Source information =>
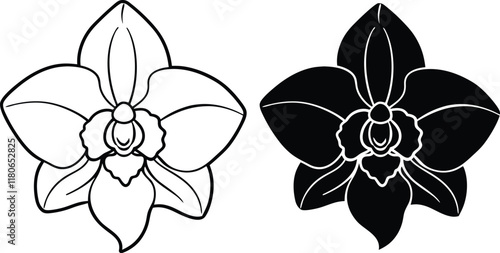 Elegant Orchid Line Art Black and White Floral Designs
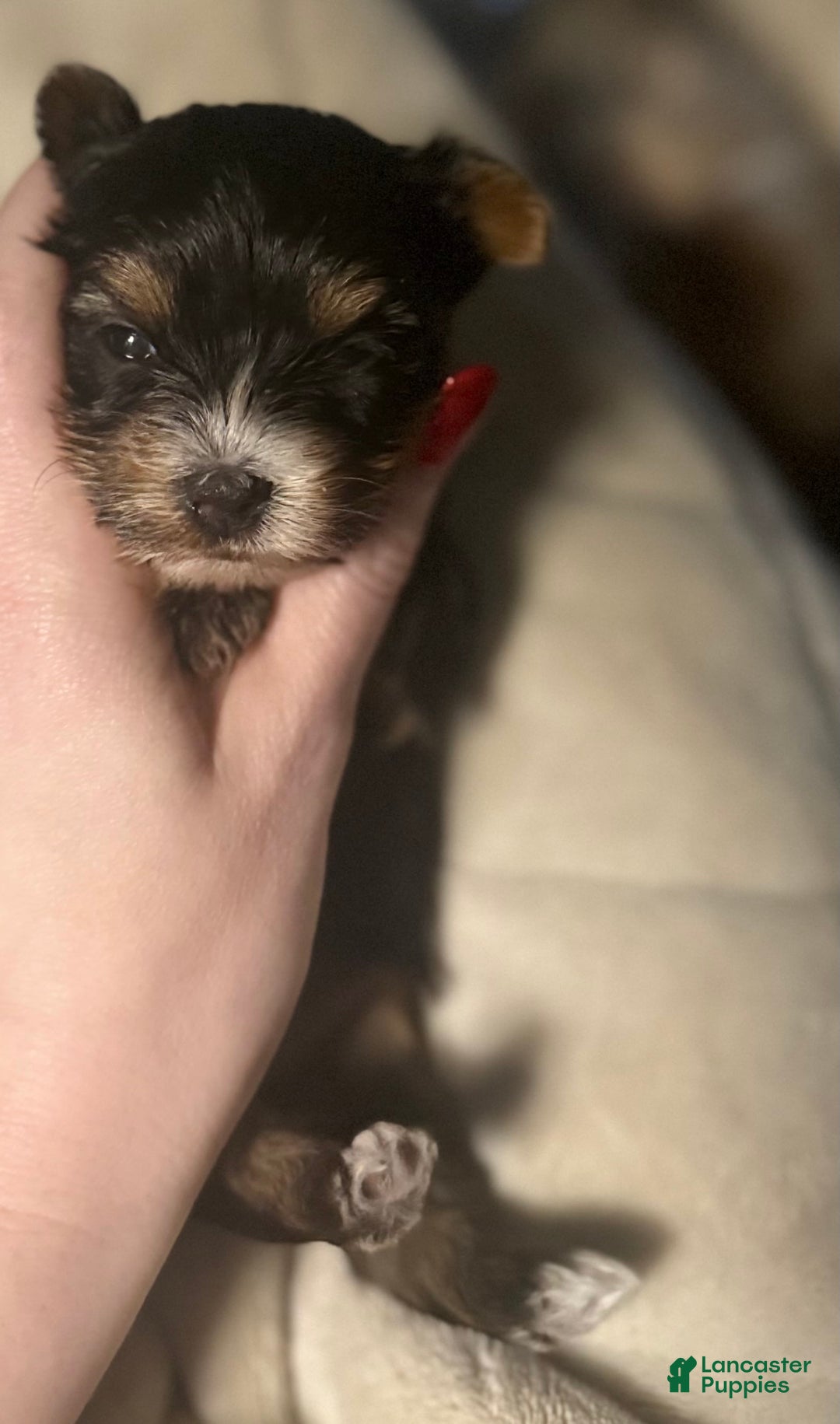 Yorkshire Terrier dogs for sale: Polly - Image 6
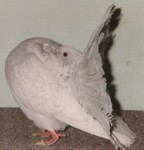 Old Opal/Reduced Hen (032/90).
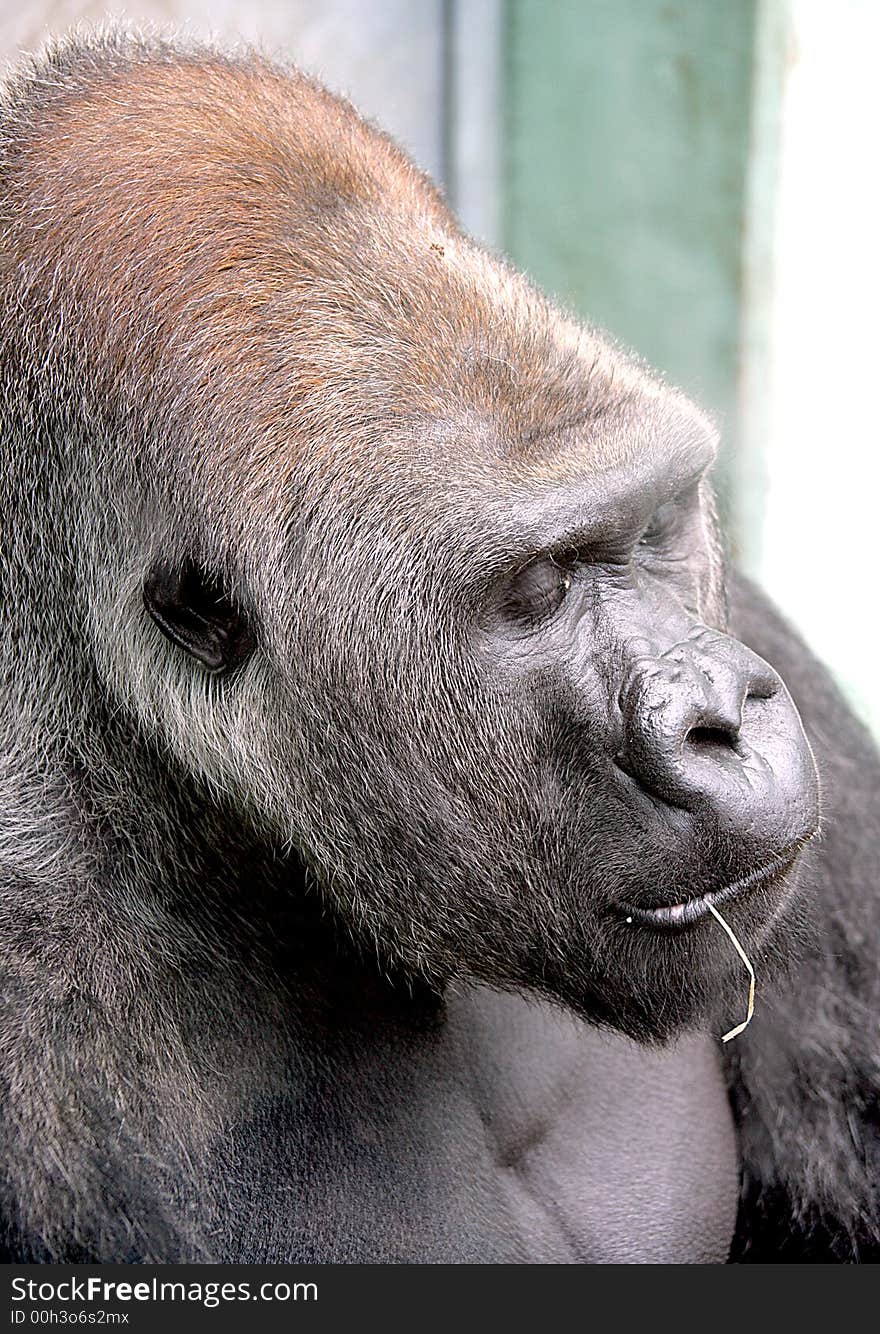 Portrait of nice gorilla male. Portrait of nice gorilla male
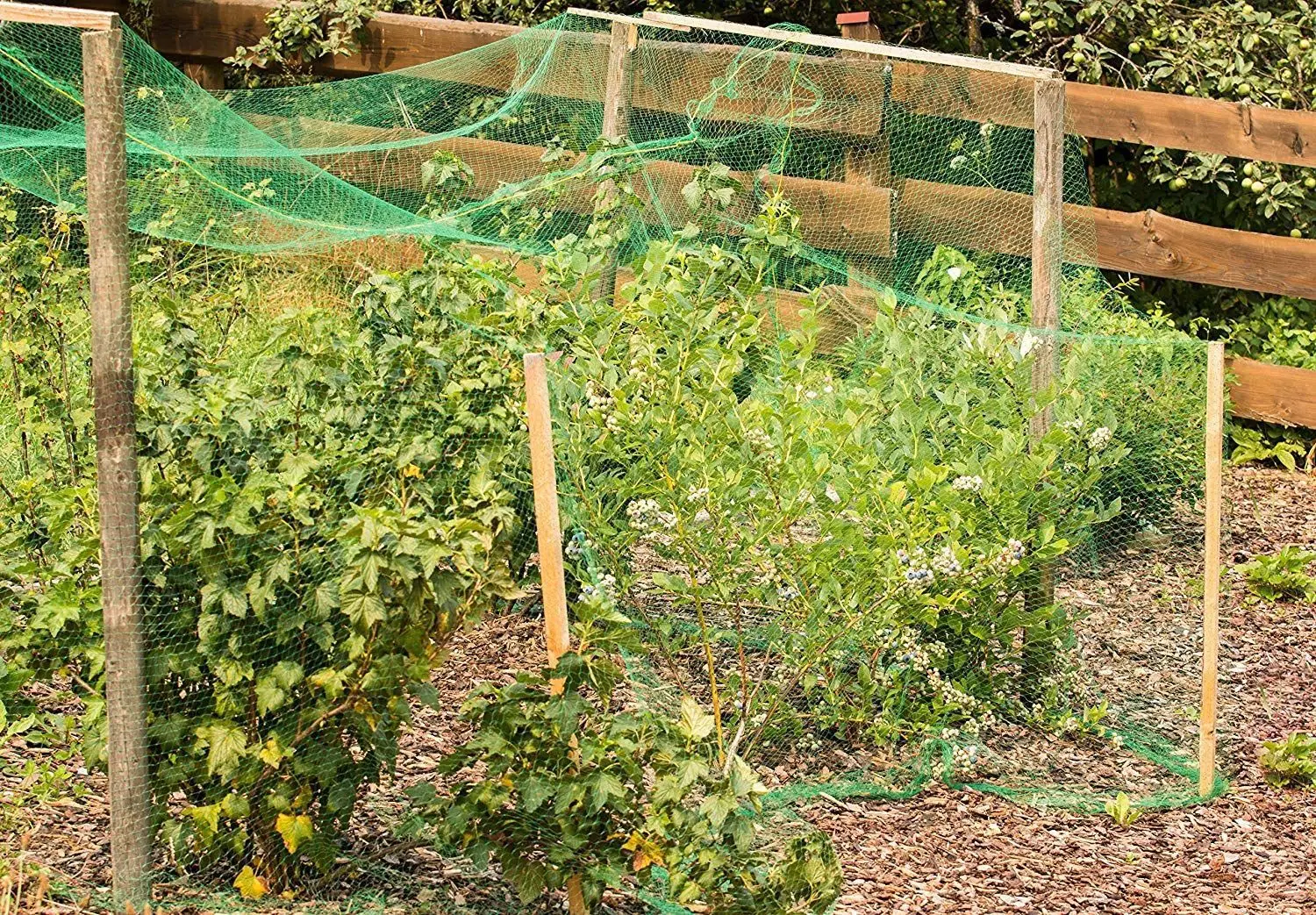 

Mesh Bird Netting For Garden Chicken Poultry Pond Heron Pigeon Mesh To Protect Plants Vegetables Fruit Tree Bird Protection Net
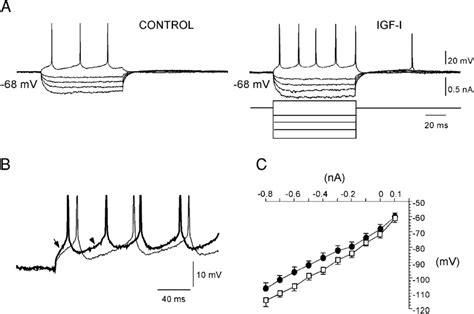 IGF I Increases The Excitability Of DCN Neurons A Current Pulse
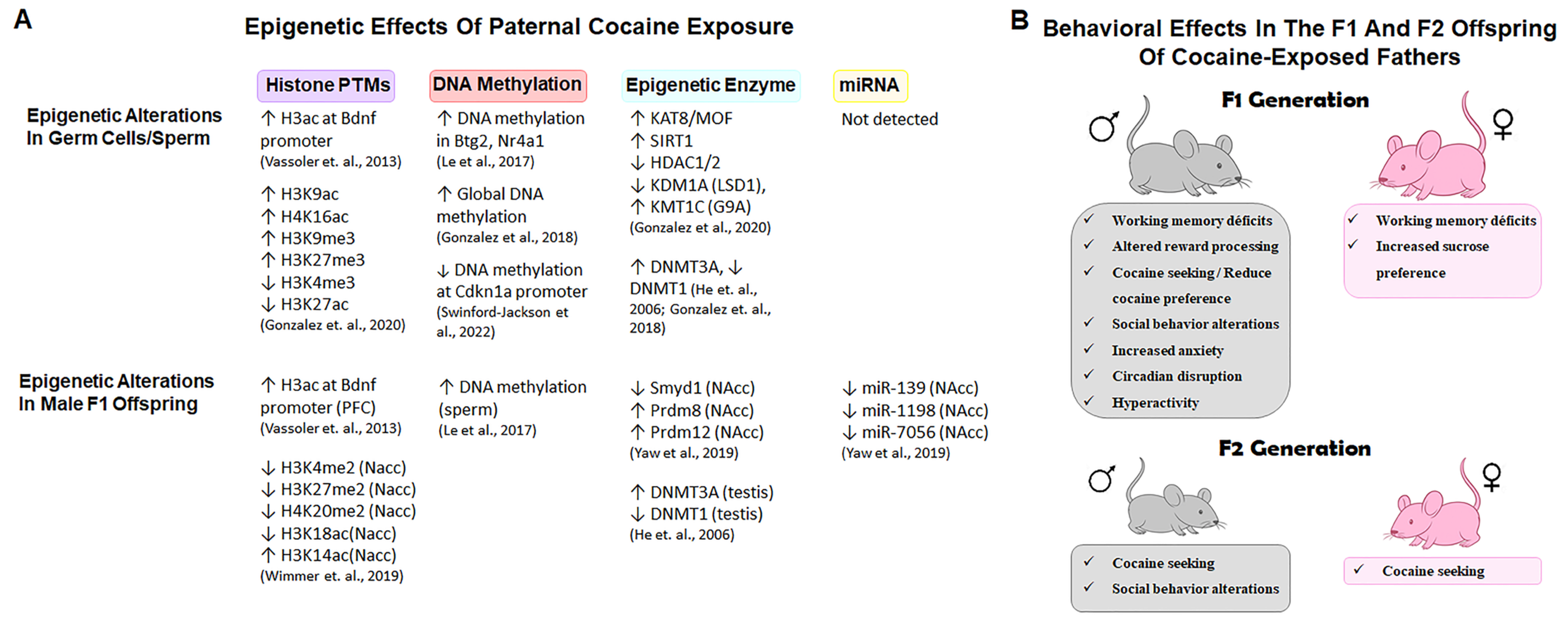 Biology 14 01072 g003 Biology 14 01072 g003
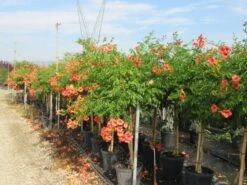 Trompetbloem, Halfstam (Campsis Tagliabuana 'Mme Galen') -PlantenPracht Winkel campsis tagliabuana mme galen halfstam 2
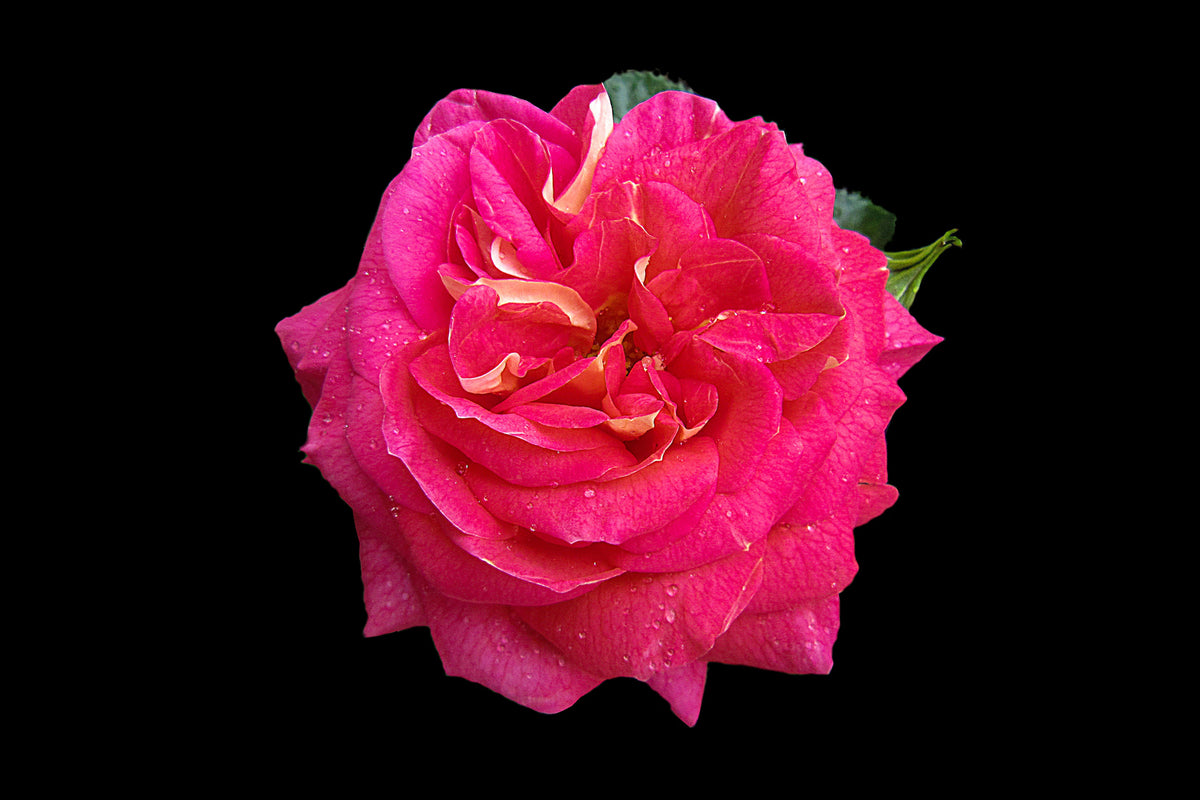 photo-wallpaper-rose-in-red-xxl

Work required => Your task is to give again, unchanged, the lines from the line that contains "Trompetbloem, Halfstam (Campsis" to the end of the records. Include both end lines but no pictures.

Result of the exercise =>
 Trompetbloem, Halfstam (Campsis Tagliabuana 'Mme Galen') -PlantenPracht Winkel campsis tagliabuana mme galen halfstam 2
 photo-wallpaper-rose-in-red-xxl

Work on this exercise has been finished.